31 Replies Latest reply on Aug 4, 2014 2:41 AM by pinform

    Error handling mmap: Memory leak and "GART error"

    ribalda

      We are trying to process images from a framegrabber without copying them to an intermediate buffer. The data appears on a mmaped buffer.

       

      Every time we use the mmaped buffer on OpenCL we are getting an error message on syslog  and the Slab section of /proc/mem_info increases. On our system we are leaking around 1 MB per second!

       

      syslog error: [fglrx:MCIL_LockMemory] *ERROR* Could not lock memory into GART space

       

      In order to demonstrate this error we have made a simple program with a loop that maps and unmaps a mmaped buffer. While running the program please run dmesg and examine /proc/mem_info. The exact program on other OpenCL implementations (ie. Nvidia) works fine. We are using fglrx v 13.4, but the error exist also in previous versions.

       

      After some debugging we believe that it is caused by the function ATI_API_CALL KCL_LockUserPages (firegl_public.c) which calls get_user_pages, that returns -EFAULT  on mmaped or io pages, (and also check for write permissions):

       

      if (!vma ||

          (vma->vm_flags & (VM_IO | VM_PFNMAP)) ||

          !(vm_flags & vma->vm_flags))

      return i ? : -EFAULT;

       

      Please realize that this is a huge restriction for us, who in order to work with images from the framebuffer would have to copy its content to another area with no reason, reducing our framerate dramatically. Also it is incomprehensible why we wont be able to use mmaped buffers.

          • Re: Error handling mmap: Memory leak and "GART error"
            himanshu.gautam

            This was reproducible. I am forwarding it to proper team, after some more investigation.

            One small question, the original code given by you, was giving a compilation error saying "close() was not declared". Any help on how to fix that? Currently running the code after commenting that out.

              • Re: Error handling mmap: Memory leak and "GART error"
                ribalda

                Just add

                 

                #include <unistd.h>

                 

                To the beginning of the source file

                 

                Thanks

                  • Re: Error handling mmap: Memory leak and "GART error"
                    himanshu.gautam

                    @Hi,

                    After more investigation, it looks the issue is invalid. I was not doing dmesg --clear earlier, and therefore reproduced the error log , as it was consistently present in ring_buffer. Secondly the code has a infinite loop, which has to be disabled to run the test to completion. And Thirdly, I do get the "GART ...." error with the current test code, because of the following code being buggy (IMHO)

                    The memory region pointed by pinned_mem has already been added in GPU address space (GART memory). Later we are trying to re-lock it using map-unmap calls.

                    Checkout the attached code for MatrixTranspose Sample, which does not give any GART errors for me.

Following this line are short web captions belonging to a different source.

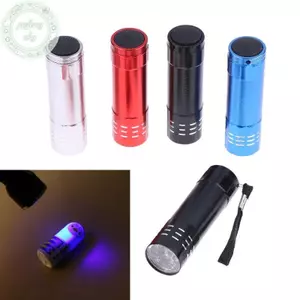 PUSKY 1 Cái 50LM 395nm Đèn Phát Hiện UV Đèn Pin 9 LED UV Đèn Đen Ngoài Trời Di Động Chiếu Sáng Dụng Cụ Đi Bộ Đường Dài VN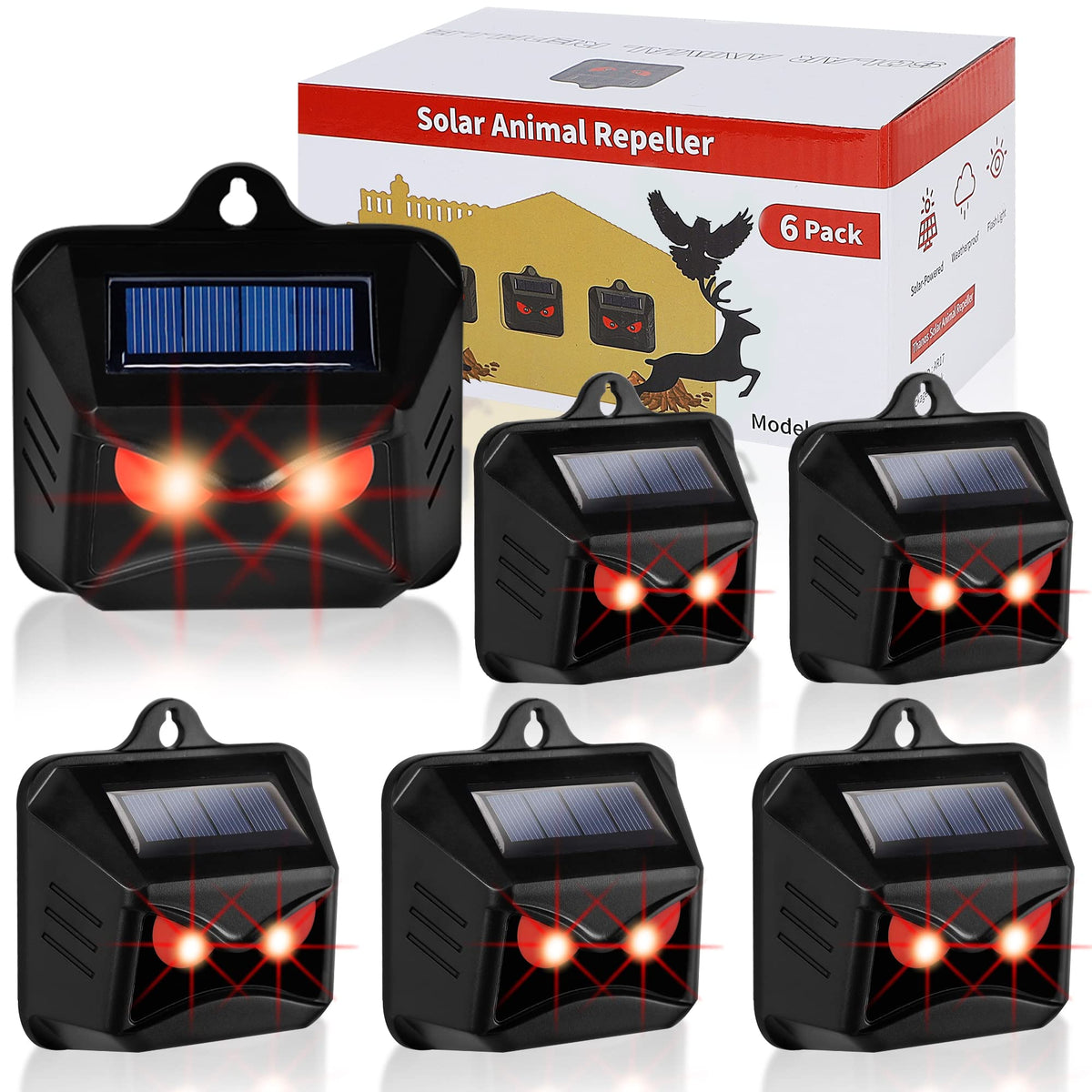 Phosooy 6 Pack Solar Animal Repellent, Predator Eyes Animal Deterrent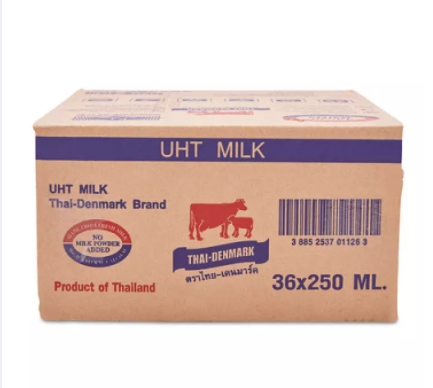 ไทย-เดนมาร์ค นมยูเอชที รสจืด 250 มล. แพ็ค 36 กล่อง นมจืด ไทยเดนมาร์ค นมกล่อง นมไทยเดนมาร์ค นมโคสดแท้ 100%  นมกล่อง นมUHT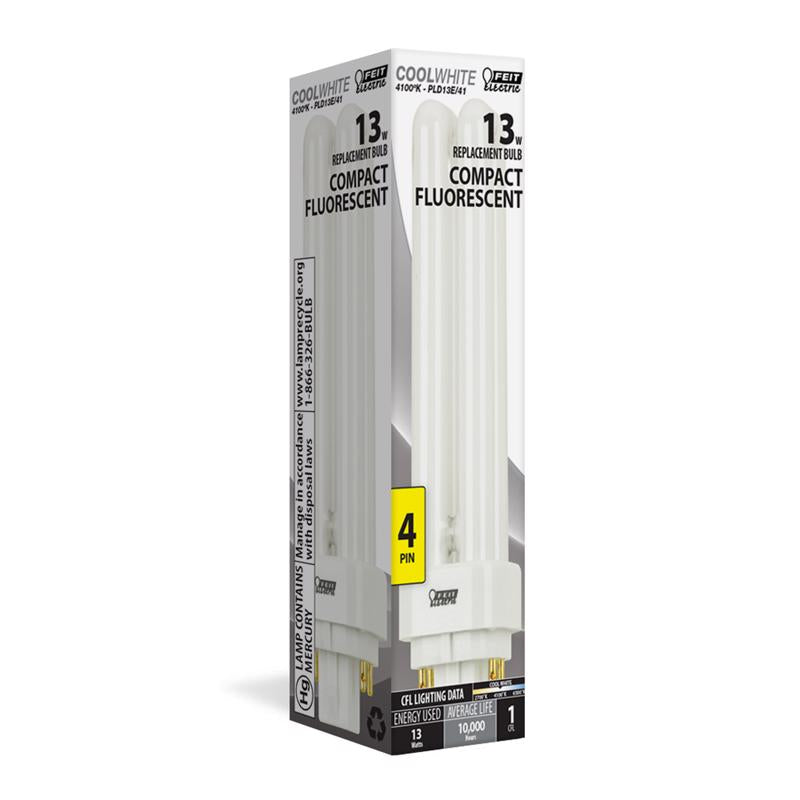 Feit 13 W PL 1.4 in. D X 5.2 in. L Fluorescent Bulb Cool White Compact 4100 K 1 pk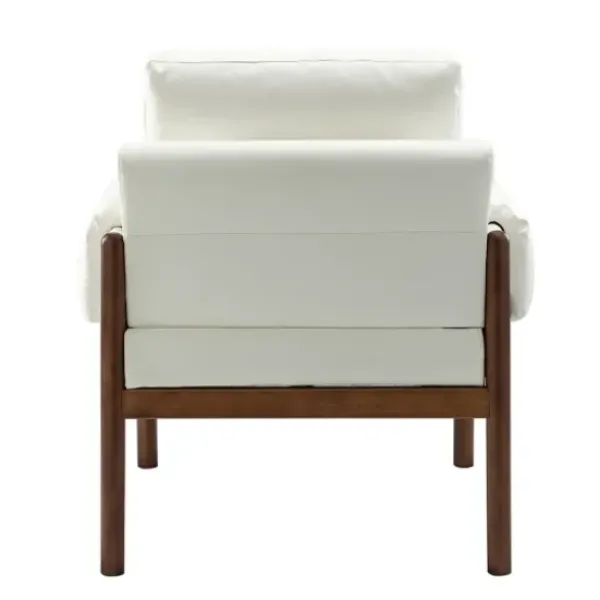 Accent Chairs-Kirkland's Home Faux Leather And Wood Accent Chair White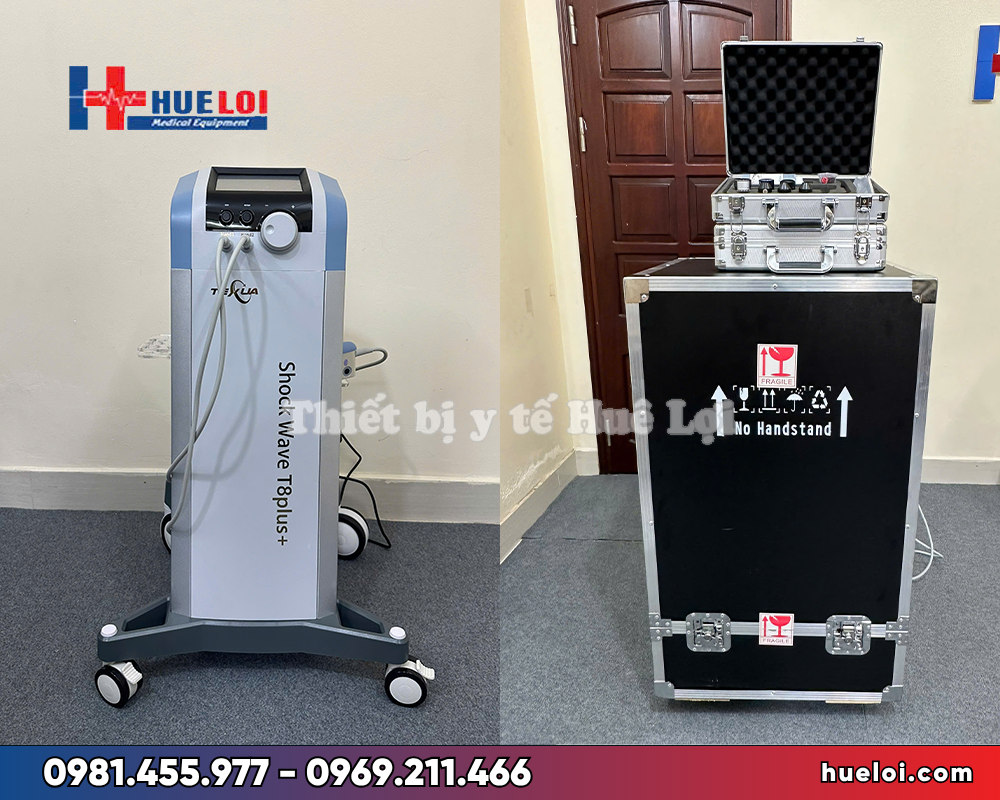 Máy sóng xung kích 2 tay cầm Texua T806 – công suất 500 W, điều trị đồng thời 2 người bệnh
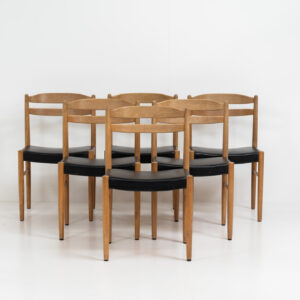 Set of 6 oak dining chairs by Carl Ekström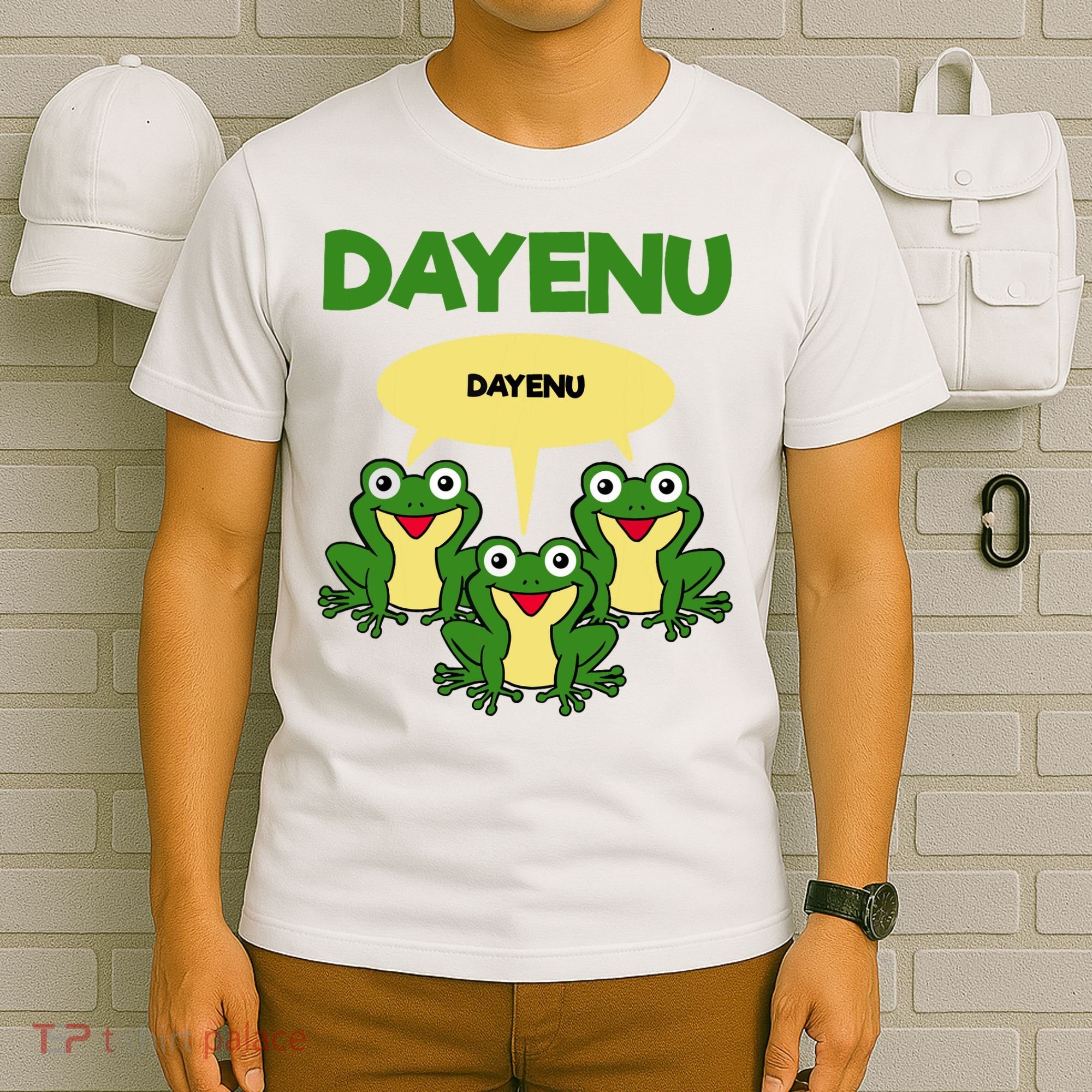 Three Frogs Dayenu Funny Pesach Passover T-Shirt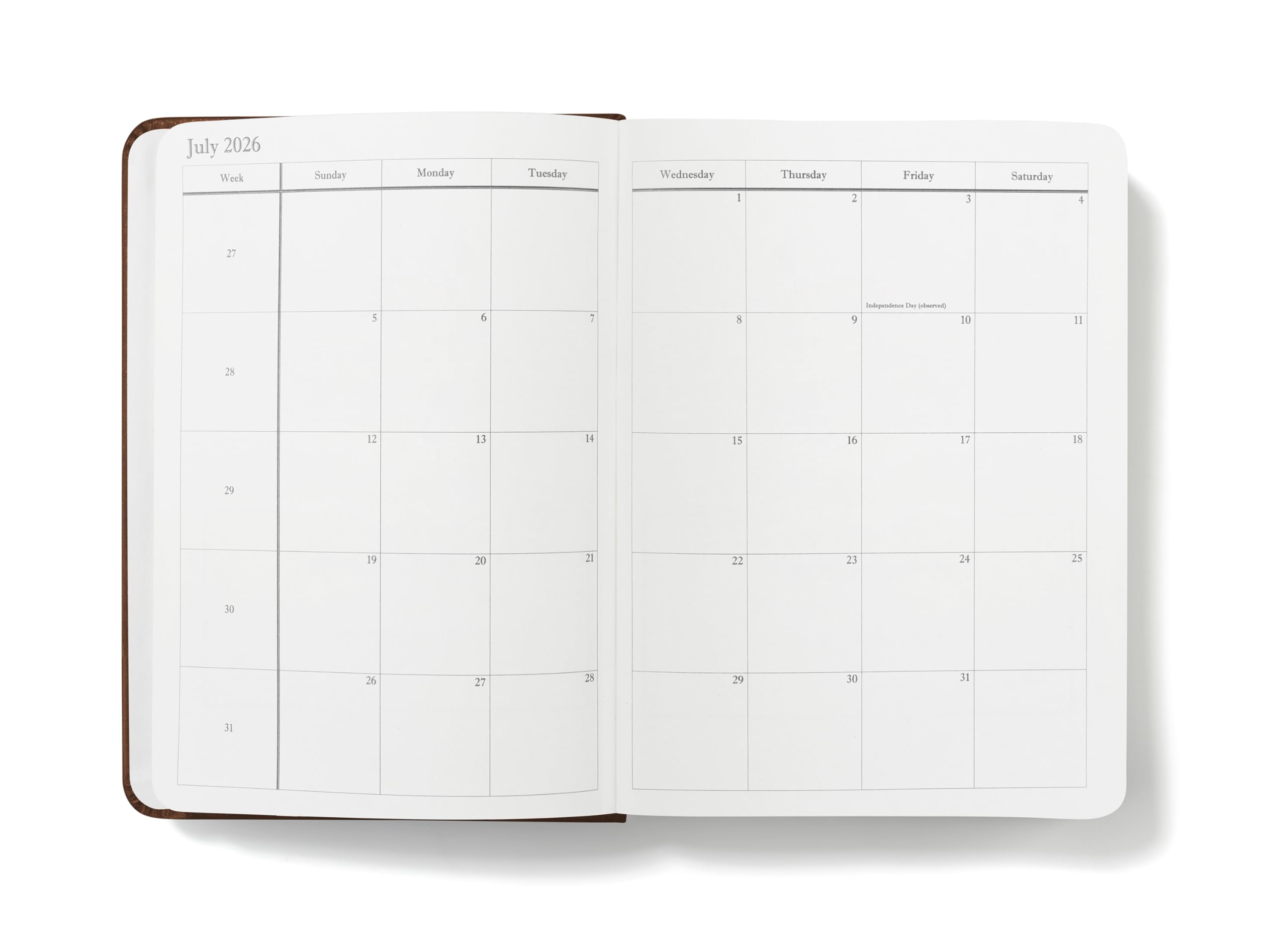 Wykeham's Executive 2026 Daily Journal Planner – US Public Holidays & Format – Customization Available (Brown, 6" x 4.5")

                      • Re: Error handling mmap: Memory leak and "GART error"
                        himanshu.gautam

                        not able to attach that code, because of some forum issue. Here is the change i did in the original code, after which no GART Errors are observed:

                         

                                //while (1)

                        {

                         

                         

                        #if 1

                                        pinned_buffer = clCreateBuffer(context, CL_MEM_READ_WRITE|CL_MEM_USE_HOST_PTR, BUF_SIZE, pinned_mem, &err);

                                        cl_err_exit(err, "clCreateBuffer");

                        #else

                                        pinned_buffer = clCreateBuffer(context, CL_MEM_READ_WRITE, BUF_SIZE, NULL, &err);

                                        cl_err_exit(err, "clCreateBuffer");

                        #endif

                         

                         

                                        device_buffer = clCreateBuffer(context, CL_MEM_READ_ONLY, BUF_SIZE, NULL, NULL);

                                        cl_err_exit(err, "clCreateBuffer");

                         

                         

                                        pinned_mem = (float *) clEnqueueMapBuffer(gpu_queue, pinned_buffer, CL_TRUE, CL_MAP_READ, 0, BUF_SIZE, 0, NULL, NULL, &err);

                                        cl_err_exit(err, "clEnqueueMapBuffer");

                         

                         

                                        //err = clEnqueueWriteBuffer(gpu_queue, pinned_buffer, CL_FALSE, 0, BUF_SIZE, pinned_mem, 0, NULL, NULL);

                                        //cl_err_exit(err, "clEnqueueWriteBuffer");

                         

                         

                                        err = clEnqueueUnmapMemObject(gpu_queue, pinned_buffer, pinned_mem, 0, NULL, NULL);

                                        cl_err_exit(err, "clEnqueueUnmapMemObject");

                         

                         

                                        clFinish(gpu_queue);

                                        clReleaseMemObject(pinned_buffer);

                                        clReleaseMemObject(device_buffer);

                                }

                          • Re: Error handling mmap: Memory leak and "GART error"
                            ribalda

                            Hello Himansh


                            Thanks for your response.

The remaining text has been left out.